## DATA EXCERPTS
━━━━━━━━━━━━━━━━

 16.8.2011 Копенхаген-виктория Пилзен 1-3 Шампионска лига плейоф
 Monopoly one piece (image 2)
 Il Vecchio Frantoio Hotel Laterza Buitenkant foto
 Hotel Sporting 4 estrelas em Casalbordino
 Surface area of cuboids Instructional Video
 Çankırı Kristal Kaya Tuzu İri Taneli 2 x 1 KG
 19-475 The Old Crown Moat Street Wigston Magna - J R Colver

━━━━━━━━━━━━━━━━

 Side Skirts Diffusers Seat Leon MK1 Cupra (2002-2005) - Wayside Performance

━━━━━━━━━━━━━━━━

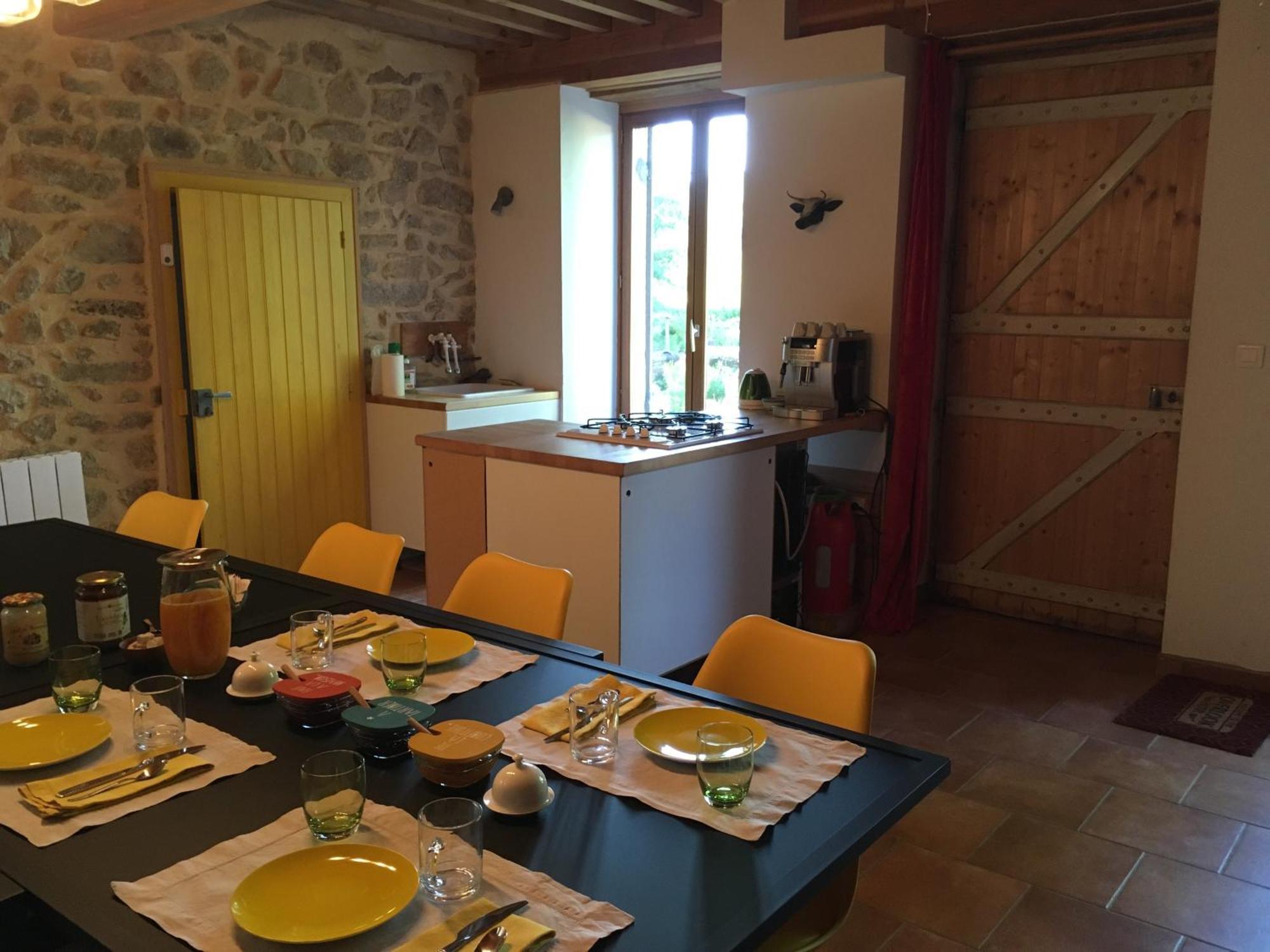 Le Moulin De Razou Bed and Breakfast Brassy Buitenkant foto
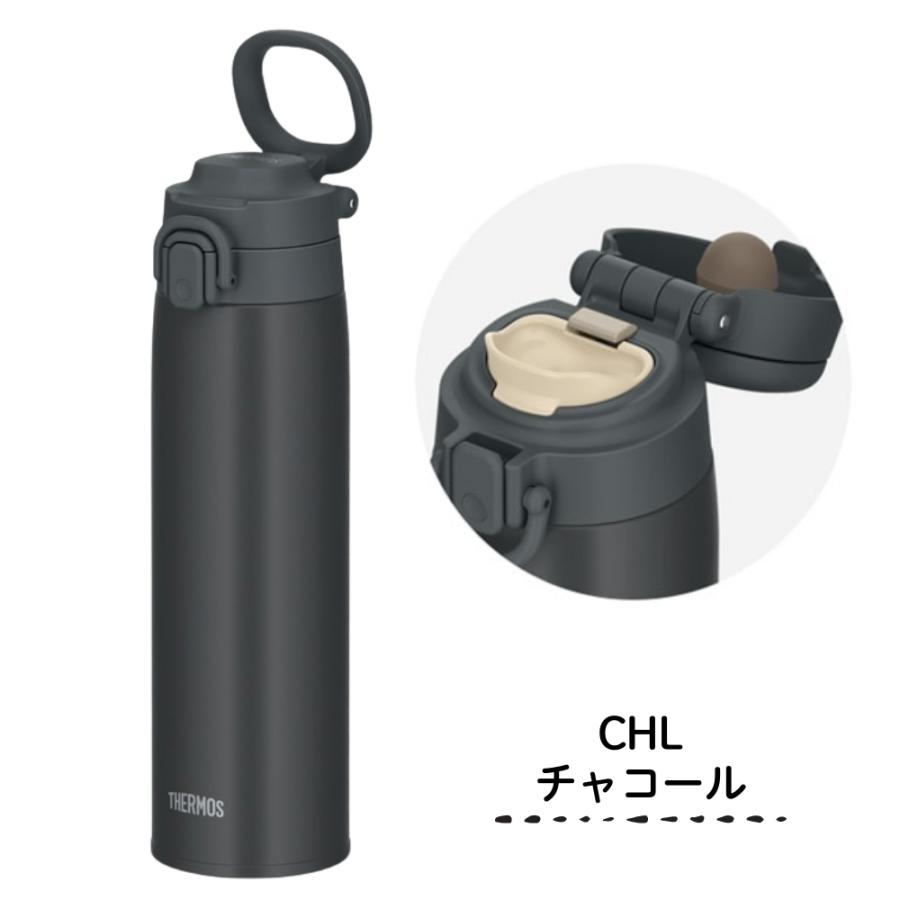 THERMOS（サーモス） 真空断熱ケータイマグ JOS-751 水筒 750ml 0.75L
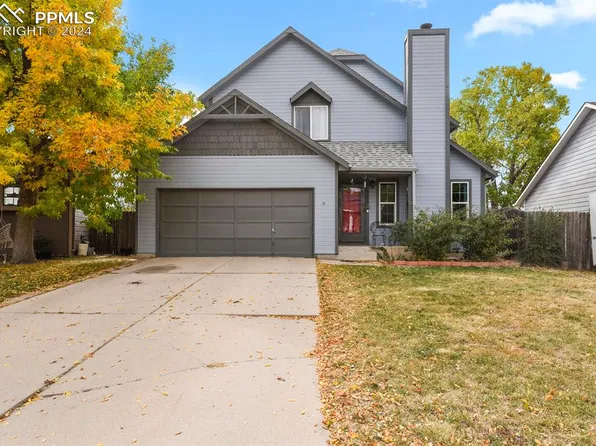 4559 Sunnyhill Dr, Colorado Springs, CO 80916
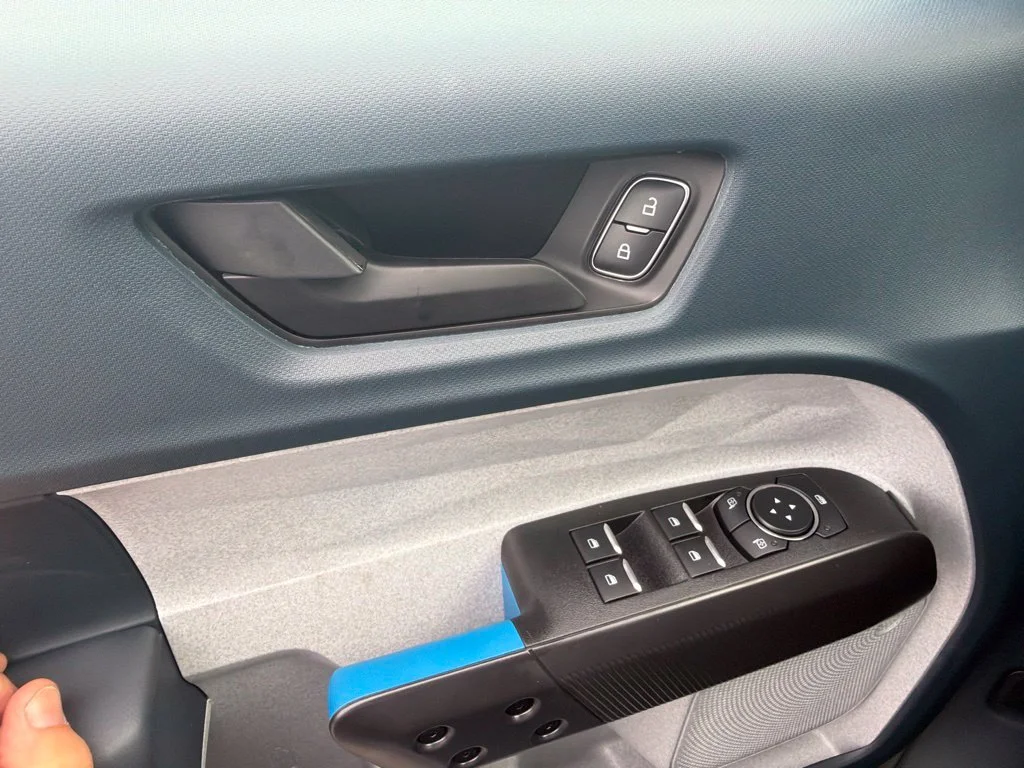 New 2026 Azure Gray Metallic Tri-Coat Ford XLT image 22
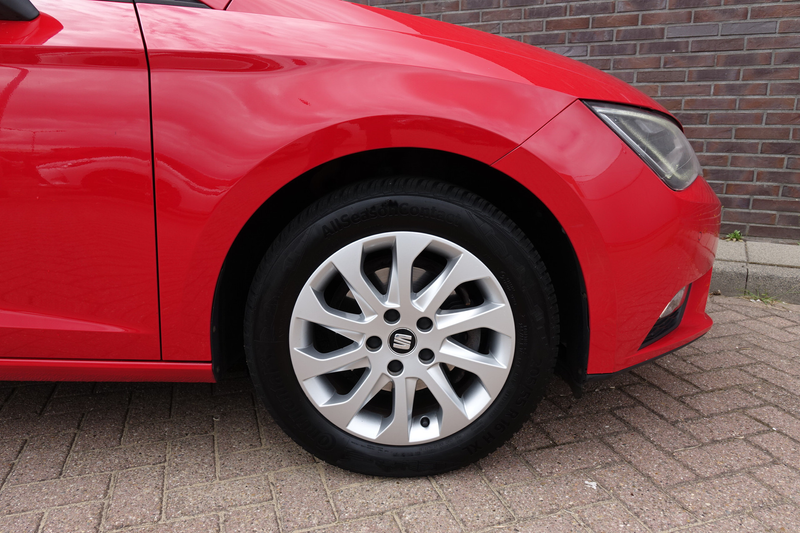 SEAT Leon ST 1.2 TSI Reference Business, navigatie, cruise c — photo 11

━━━━━━━━━━━━━━━━

## WORK TO COMPLETE
From the listing above, pick out each line where the word "Hotel" appears.

## SOLUTION BELOW
 Il Vecchio Frantoio Hotel Laterza Buitenkant foto
 Hotel Sporting 4 estrelas em Casalbordino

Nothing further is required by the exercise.